DATA FOR THIS EXERCISE
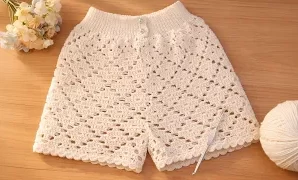 Aprende a tejer hermosa puntada para shorts a crochet.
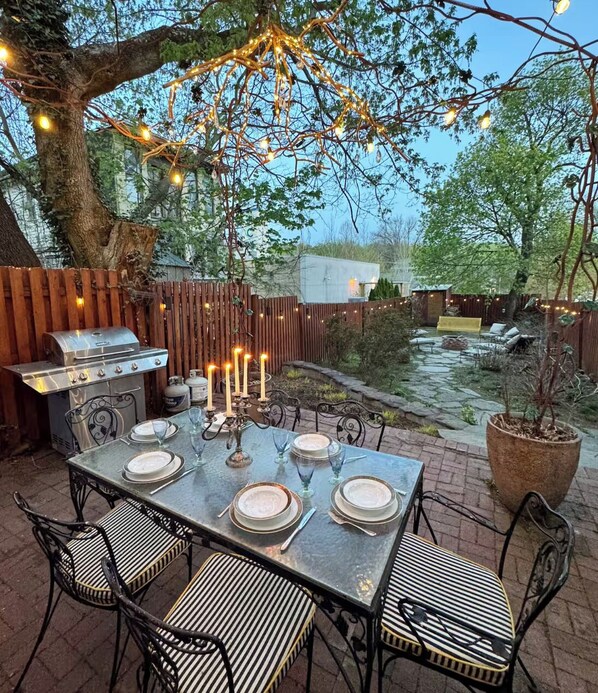 Outdoor dining - Terrific 5-bedroom house with AC in charming Princeton (Princeton)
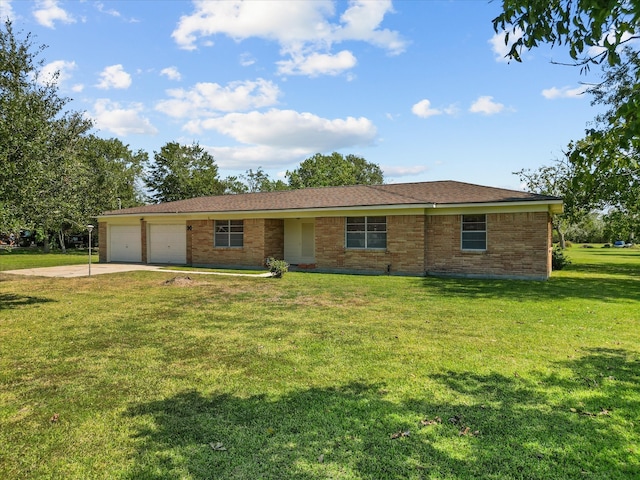 ranch-style house featuring a front lawn and a garage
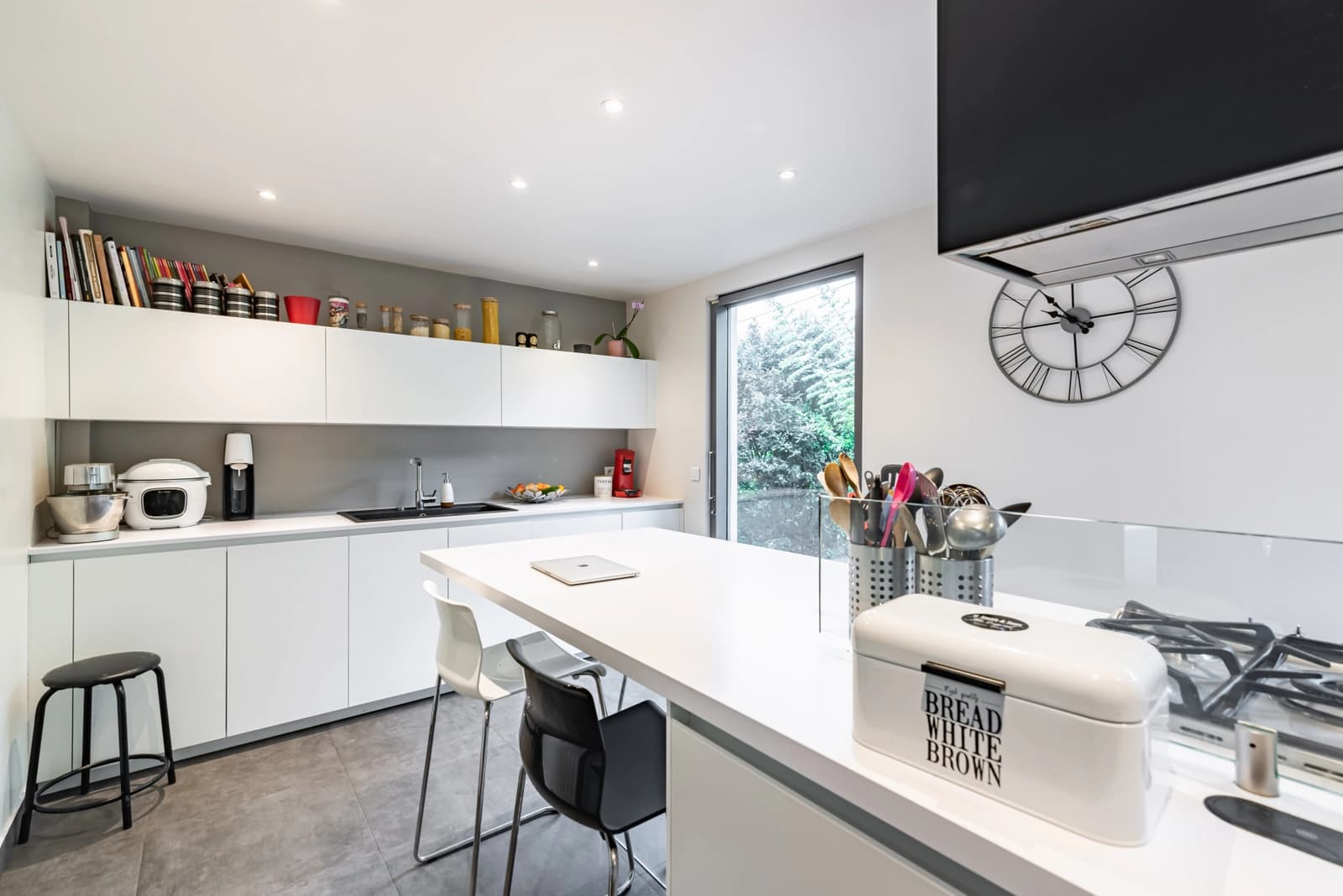 Kitchen in House near Paris. Swimming pool / Hammam - 1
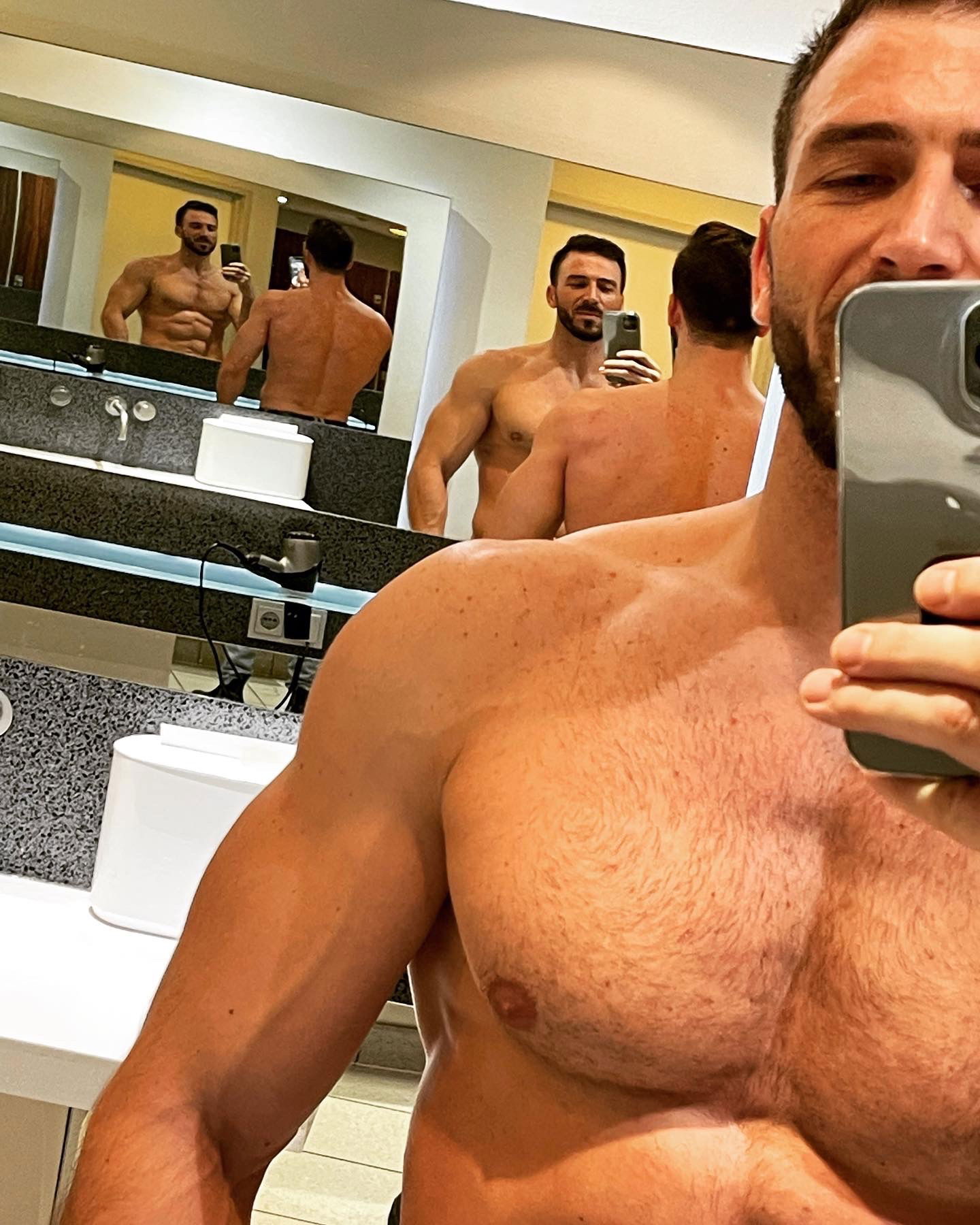 ARONTOPMASTER1 photo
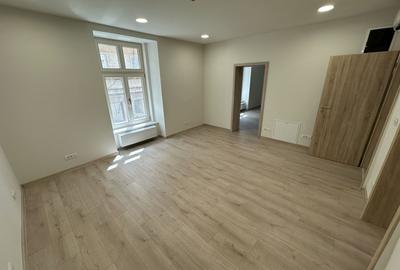 Spatii de birouri Ultracentral suprafață  de 67.6  mp - 1
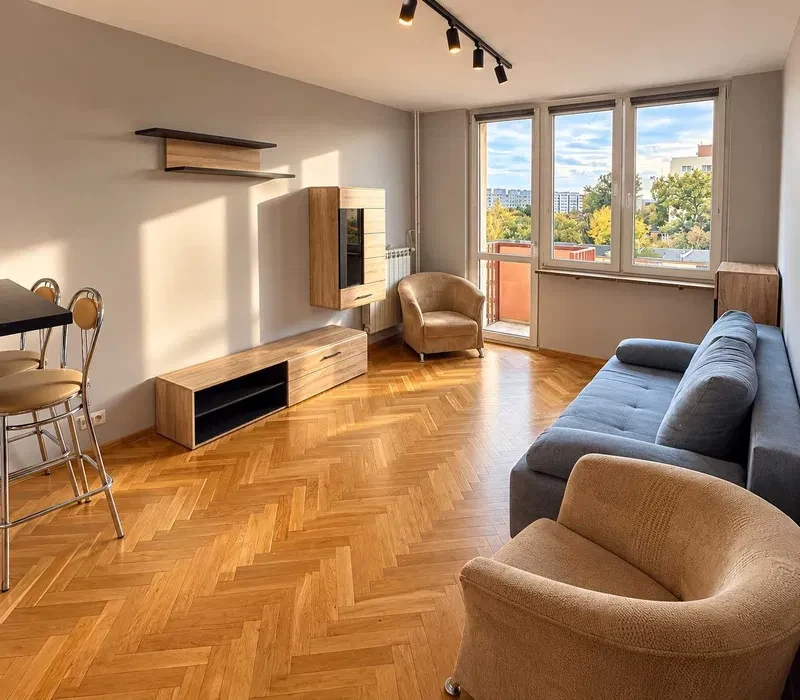 Wynajmę 2-pokojowe mieszkanie z balkonem – 39 m² - 1/8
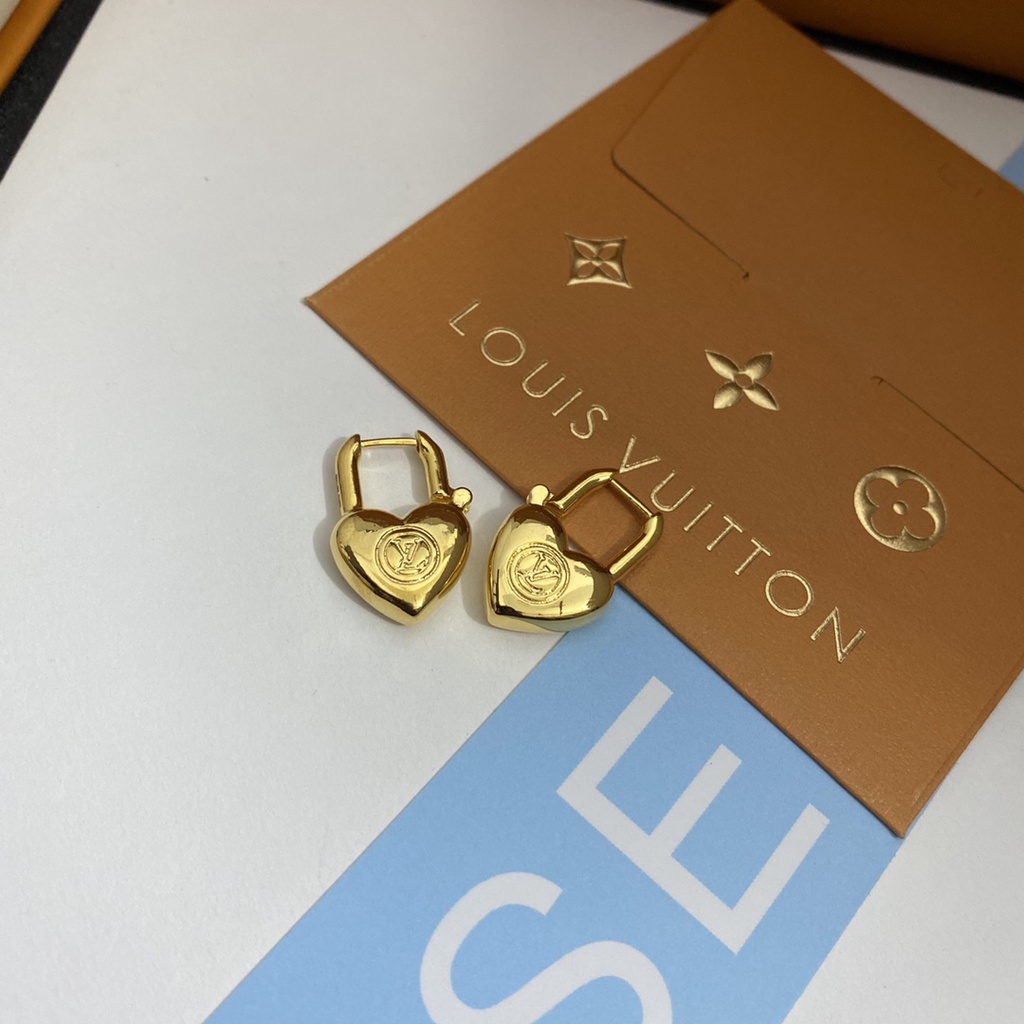 Bông Tai LV Bằng Thép Titan Hình Chữ Thời Trang Cho Nữ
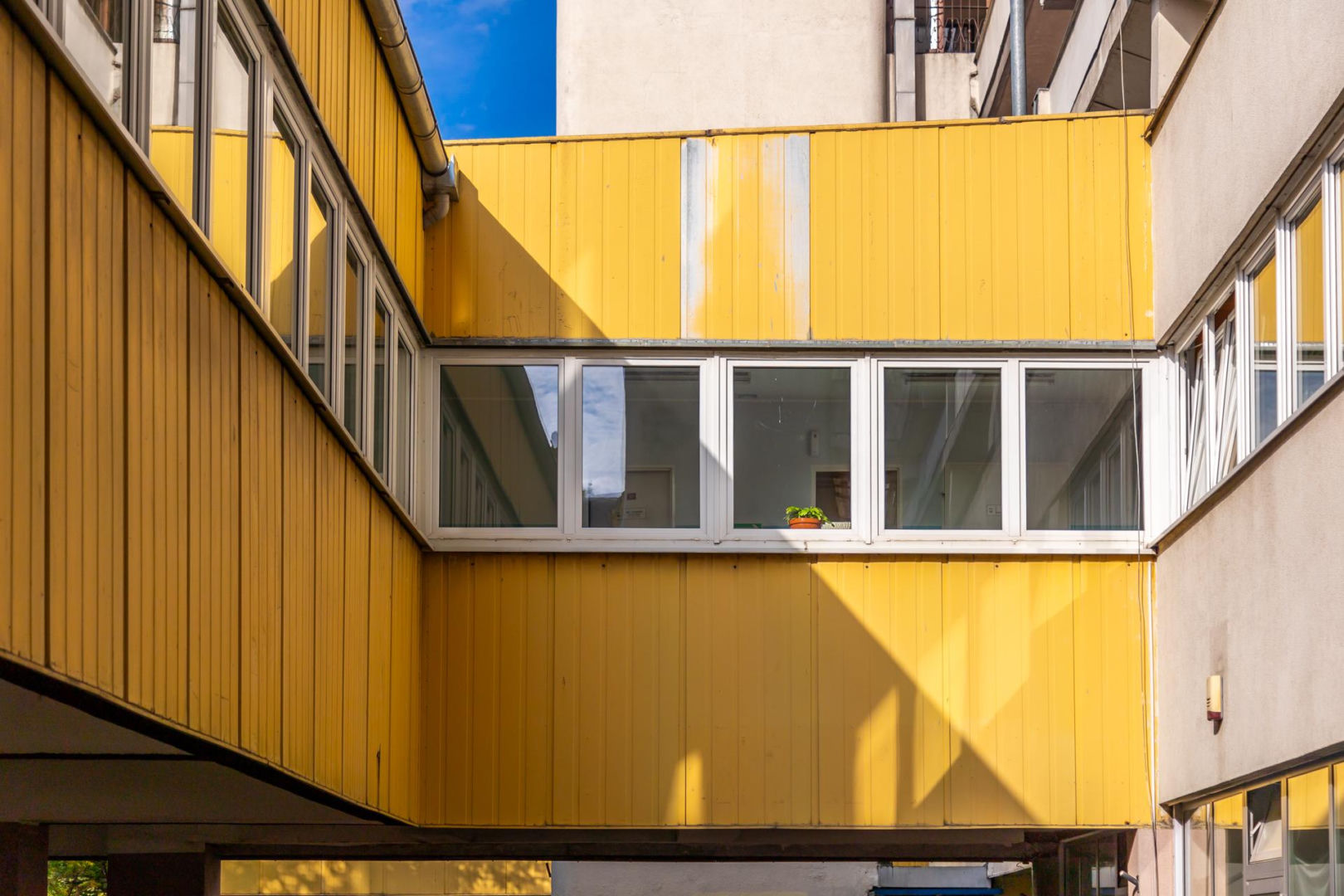Galeriowiec z Powstańców Śląskich 112-122 we Wrocławiu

EXERCISE DIRECTIONS
Exactly the lines from the one containing "Wynajmę 2-pokojowe mieszkanie" through the last line of the data above should be output, both ends included, with every picture left out.

EXERCISE RESPONSE
 Wynajmę 2-pokojowe mieszkanie z balkonem – 39 m² - 1/8
 Bông Tai LV Bằng Thép Titan Hình Chữ Thời Trang Cho Nữ
Galeriowiec z Powstańców Śląskich 112-122 we Wrocławiu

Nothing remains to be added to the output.